Ein weiteres Merkmal der Kunst von Xenia Marita Riebe sind die Darstellungen von Menschengruppen. Oft ist es eine Art Auftürmung von Köpfen, wie in einigen Gemälden aus der Reihe „Weiße Fremde“. In „Quaero“ schauen 12 Gesichter in Richtung Himmel. In „Cassus“ sind es neun Gesichter, die in ähnlicher Ausrichtung abgebildet sind. „Ignotus“ zeigt 16 Gesichter in unterschiedlicher Ausrichtung nebeneinander und in „Joseph“ sind es kleine Akte, die sich unter große Gesichter mischen. Auch in den Bildern der Serie „Borderliner“ machen sich Menschengruppen auf zu anderen Ufern.
In den Arbeiten zur Reihe „Klone“ (Skulpturen, Gemälde und Fotografien) werden, allein um der Thematik gerecht zu werden, immer mehrere bis viele Menschen gleichzeitig gezeigt. Aber auch in anderen plastischen Arbeiten wie zum Beispiel in „Boat People“ sind Gruppen dargestellt, hier 23 Figuren aus braunem Zeitungspapier in Form der Wurzeln von Mangroven.

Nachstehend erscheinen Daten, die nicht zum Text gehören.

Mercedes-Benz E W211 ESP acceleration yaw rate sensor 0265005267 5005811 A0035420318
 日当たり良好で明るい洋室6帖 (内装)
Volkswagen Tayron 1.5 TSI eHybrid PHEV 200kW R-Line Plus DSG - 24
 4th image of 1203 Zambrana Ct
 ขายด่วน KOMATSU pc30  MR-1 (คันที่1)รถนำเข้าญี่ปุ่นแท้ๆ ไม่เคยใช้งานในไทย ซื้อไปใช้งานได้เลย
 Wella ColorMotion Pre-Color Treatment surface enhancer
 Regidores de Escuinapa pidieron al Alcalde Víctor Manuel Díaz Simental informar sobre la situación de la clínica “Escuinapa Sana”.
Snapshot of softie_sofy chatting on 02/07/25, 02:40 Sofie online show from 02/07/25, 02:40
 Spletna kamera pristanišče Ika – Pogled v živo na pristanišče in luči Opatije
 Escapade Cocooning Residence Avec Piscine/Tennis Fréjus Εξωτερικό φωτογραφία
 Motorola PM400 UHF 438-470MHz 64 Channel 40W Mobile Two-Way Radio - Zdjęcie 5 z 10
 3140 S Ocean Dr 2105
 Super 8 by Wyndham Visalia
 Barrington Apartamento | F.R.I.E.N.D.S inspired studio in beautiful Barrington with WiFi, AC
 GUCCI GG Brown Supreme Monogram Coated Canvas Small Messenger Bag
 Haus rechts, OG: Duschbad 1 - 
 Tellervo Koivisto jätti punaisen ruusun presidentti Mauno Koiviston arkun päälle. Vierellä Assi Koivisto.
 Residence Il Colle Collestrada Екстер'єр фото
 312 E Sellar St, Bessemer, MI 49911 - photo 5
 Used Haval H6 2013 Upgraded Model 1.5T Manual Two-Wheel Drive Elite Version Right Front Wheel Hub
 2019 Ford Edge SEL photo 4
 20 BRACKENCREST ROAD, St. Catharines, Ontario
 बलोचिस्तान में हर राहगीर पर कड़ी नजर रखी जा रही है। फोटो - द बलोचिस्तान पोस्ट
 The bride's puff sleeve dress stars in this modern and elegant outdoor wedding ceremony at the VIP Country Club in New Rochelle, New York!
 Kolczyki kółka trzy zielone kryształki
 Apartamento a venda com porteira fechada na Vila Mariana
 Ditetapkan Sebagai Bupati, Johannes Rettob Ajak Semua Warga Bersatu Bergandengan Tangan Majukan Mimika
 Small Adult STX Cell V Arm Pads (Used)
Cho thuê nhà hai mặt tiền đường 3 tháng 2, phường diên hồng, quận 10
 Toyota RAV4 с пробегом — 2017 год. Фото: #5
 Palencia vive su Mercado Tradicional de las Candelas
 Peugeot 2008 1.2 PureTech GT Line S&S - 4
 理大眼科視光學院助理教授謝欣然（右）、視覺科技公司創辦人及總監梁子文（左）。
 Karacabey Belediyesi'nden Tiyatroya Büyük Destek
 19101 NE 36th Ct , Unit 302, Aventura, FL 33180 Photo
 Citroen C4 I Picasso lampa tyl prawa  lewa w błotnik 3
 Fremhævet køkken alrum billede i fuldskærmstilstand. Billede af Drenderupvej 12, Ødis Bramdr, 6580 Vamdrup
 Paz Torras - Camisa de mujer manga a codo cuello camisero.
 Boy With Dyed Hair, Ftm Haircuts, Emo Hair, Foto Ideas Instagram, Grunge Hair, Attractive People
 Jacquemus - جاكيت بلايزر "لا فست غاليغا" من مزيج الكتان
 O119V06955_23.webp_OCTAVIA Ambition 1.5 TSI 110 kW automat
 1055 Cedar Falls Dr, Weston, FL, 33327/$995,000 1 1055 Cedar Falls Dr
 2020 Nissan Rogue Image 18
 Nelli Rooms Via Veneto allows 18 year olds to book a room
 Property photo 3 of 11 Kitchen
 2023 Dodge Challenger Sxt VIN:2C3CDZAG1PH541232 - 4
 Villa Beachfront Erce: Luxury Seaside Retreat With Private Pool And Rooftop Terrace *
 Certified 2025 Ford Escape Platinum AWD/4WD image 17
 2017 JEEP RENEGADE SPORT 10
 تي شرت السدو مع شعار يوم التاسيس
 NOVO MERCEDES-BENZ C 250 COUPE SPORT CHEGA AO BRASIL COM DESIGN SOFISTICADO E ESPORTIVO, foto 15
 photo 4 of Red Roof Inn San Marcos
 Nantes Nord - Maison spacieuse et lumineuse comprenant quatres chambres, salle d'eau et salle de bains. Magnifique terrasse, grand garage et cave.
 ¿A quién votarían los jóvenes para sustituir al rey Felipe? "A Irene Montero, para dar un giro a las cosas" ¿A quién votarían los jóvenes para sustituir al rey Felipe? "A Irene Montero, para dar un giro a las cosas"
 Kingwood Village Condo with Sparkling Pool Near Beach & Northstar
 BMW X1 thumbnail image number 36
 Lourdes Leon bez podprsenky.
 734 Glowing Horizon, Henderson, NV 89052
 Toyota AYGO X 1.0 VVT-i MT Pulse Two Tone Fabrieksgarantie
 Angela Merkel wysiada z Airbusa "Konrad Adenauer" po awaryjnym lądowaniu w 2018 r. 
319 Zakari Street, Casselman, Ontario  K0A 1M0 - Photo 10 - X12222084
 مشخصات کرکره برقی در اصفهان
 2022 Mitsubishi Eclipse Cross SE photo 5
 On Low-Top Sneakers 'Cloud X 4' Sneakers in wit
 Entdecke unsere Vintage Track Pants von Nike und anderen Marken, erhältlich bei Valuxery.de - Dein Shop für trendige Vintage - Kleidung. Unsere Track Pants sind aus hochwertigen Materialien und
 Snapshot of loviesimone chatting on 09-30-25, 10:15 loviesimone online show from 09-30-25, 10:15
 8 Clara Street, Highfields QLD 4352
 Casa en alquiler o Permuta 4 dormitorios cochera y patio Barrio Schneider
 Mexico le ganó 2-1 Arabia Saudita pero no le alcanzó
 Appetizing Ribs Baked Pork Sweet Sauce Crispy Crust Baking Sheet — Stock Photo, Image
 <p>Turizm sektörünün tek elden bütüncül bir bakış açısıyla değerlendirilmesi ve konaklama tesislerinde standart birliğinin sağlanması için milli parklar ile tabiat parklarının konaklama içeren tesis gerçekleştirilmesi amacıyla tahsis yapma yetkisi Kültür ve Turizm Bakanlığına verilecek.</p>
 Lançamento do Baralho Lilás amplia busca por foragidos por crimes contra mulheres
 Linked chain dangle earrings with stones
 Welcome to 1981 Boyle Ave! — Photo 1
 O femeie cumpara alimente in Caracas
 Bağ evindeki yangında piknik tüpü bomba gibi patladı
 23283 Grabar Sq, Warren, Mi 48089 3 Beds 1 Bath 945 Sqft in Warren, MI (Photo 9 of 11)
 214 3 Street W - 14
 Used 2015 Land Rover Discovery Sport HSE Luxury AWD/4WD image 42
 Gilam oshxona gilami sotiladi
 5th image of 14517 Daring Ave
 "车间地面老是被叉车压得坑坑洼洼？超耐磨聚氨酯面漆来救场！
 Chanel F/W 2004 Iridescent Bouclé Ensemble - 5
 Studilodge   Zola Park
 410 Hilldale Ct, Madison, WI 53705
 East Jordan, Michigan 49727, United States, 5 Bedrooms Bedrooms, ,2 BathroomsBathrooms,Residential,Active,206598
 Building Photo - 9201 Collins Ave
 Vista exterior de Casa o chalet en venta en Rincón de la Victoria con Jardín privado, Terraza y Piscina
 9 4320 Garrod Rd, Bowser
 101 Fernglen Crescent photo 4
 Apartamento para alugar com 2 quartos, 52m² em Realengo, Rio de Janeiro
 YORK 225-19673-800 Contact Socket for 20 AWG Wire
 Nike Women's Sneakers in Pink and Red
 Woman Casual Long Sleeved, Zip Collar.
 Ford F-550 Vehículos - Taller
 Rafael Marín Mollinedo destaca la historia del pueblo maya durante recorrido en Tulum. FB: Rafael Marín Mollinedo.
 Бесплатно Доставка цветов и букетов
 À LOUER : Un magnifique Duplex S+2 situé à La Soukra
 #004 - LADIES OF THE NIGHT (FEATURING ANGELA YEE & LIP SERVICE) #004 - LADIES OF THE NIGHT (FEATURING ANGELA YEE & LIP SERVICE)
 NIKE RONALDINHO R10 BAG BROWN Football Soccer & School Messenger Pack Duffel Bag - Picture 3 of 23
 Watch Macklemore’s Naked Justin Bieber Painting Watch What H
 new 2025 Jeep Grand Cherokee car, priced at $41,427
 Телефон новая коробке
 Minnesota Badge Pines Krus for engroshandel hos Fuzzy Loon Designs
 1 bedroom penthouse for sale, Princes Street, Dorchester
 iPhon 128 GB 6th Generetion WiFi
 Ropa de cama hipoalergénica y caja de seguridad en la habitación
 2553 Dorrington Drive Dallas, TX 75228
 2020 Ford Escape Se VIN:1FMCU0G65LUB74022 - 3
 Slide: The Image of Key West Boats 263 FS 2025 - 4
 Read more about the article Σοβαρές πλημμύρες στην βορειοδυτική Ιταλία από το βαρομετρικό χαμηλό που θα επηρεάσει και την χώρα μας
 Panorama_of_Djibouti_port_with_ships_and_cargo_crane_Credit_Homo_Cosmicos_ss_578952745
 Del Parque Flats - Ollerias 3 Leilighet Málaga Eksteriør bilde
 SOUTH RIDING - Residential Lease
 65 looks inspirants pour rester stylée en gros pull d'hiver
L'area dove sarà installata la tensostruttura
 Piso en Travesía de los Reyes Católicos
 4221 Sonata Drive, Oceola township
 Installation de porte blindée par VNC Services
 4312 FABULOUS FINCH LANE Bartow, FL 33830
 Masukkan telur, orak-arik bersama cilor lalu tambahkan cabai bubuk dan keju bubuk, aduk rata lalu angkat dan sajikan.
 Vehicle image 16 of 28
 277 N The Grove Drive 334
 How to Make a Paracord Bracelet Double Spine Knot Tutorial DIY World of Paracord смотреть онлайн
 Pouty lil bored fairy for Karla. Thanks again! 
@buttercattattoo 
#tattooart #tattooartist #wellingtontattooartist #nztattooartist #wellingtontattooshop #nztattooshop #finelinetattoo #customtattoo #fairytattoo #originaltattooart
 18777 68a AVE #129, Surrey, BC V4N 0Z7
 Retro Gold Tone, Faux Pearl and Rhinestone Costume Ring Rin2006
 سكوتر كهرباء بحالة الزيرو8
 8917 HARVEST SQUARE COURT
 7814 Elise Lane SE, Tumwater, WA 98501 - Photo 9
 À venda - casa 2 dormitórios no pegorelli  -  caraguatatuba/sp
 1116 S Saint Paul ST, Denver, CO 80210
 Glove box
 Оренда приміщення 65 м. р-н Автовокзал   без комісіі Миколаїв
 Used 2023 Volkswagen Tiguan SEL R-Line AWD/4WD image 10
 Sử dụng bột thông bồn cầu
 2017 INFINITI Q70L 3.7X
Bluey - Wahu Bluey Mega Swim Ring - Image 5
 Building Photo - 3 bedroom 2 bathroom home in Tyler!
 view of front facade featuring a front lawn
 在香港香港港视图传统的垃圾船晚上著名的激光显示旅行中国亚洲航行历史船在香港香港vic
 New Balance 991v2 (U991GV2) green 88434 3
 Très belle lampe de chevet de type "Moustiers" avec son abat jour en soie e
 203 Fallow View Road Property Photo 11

Gemälde/ Skulpturen Xenia Marita Riebe

“Joseph”, Reihe “Weiße Fremde”      –                                               “Boat People”

Auch in der Serie „Felsmalerei in Verbindung mit moderner Technik“ aus den Jahren 1993 und 1994 finden sich bereits Menschengruppen, wie im Bild „Energiespiele“.
Die umfangreichste Arbeit diesen Inhalts ist Xenia Marita Riebes „Global Citizen ART Projekt“. Hier sind es 200 Skulpturen aus 200 Originalzeitungen aus 200 Ländern der Erde, die als Gruppe die bekannte Arbeit zur Globalisierung bilden. 2003 bis 2007 entstanden, waren die einzelnen Figuren des Werks auf Stahlplatten in Form der Erdteile installiert. Heute sind sie in einen Kubus aus Acrylglas eingeschweißt. Das schützt die Arbeit vor Umwelteinflüssen und erleichtert die Ausstellung.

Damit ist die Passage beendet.